Sec. 110-11. Bail on a new trial. If the judgment of conviction is reversed and the cause remanded for a new trial the trial court may order that the bail stand pending such trial, or reduce or increase bail.

(Source: Laws 1963, p. 2836.)

(Text of Section after amendment by P.A. 101-652)

Sec. 110-11. Pretrial release on a new trial. If the judgment of conviction is reversed and the cause remanded for a new trial the trial court may order that the conditions of pretrial release stand pending such trial, or modify the conditions of pretrial release.

(Source: P.A. 101-652, eff. 1-1-23.)

 

(725 ILCS 5/110-12) (from Ch. 38, par. 110-12)

(Text of Section before amendment by P.A. 101-652)

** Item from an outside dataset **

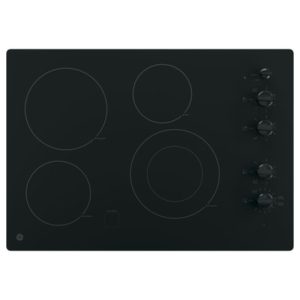 GE 30 Built-In Knob Control Electric Cooktop|JP3530DJBB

Sec. 110-12. Notice of change of address. A defendant who has been admitted to bail shall file a written notice with the clerk of the court before which the proceeding is pending of any change in his or her address within 24 hours after such change, except that a defendant who has been admitted to bail for a forcible felony as defined in Section 2-8 of the Criminal Code of 2012 shall file a written notice with the clerk of the court before which the proceeding is pending and the clerk shall immediately deliver a time stamped copy of the written notice to the State's Attorney charged with the prosecution within 24 hours prior to such change. The address of a defendant who has been admitted to bail shall at all times remain a matter of public record with the clerk of the court.

(Source: P.A. 97-1150, eff. 1-25-13.)

(Text of Section after amendment by P.A. 101-652)

Sec. 110-12. Notice of change of address. A defendant who has been admitted to pretrial release shall file a written notice with the clerk of the court before which the proceeding is pending of any change in his or her address within 24 hours after such change, except that a defendant who has been admitted to pretrial release for a forcible felony as defined in Section 2-8 of the Criminal Code of 2012 shall file a written notice with the clerk of the court before which the proceeding is pending and the clerk shall immediately deliver a time stamped copy of the written notice to the State's Attorney charged with the prosecution within 24 hours prior to such change. The address of a defendant who has been admitted to pretrial release shall at all times remain a matter of public record with the clerk of the court.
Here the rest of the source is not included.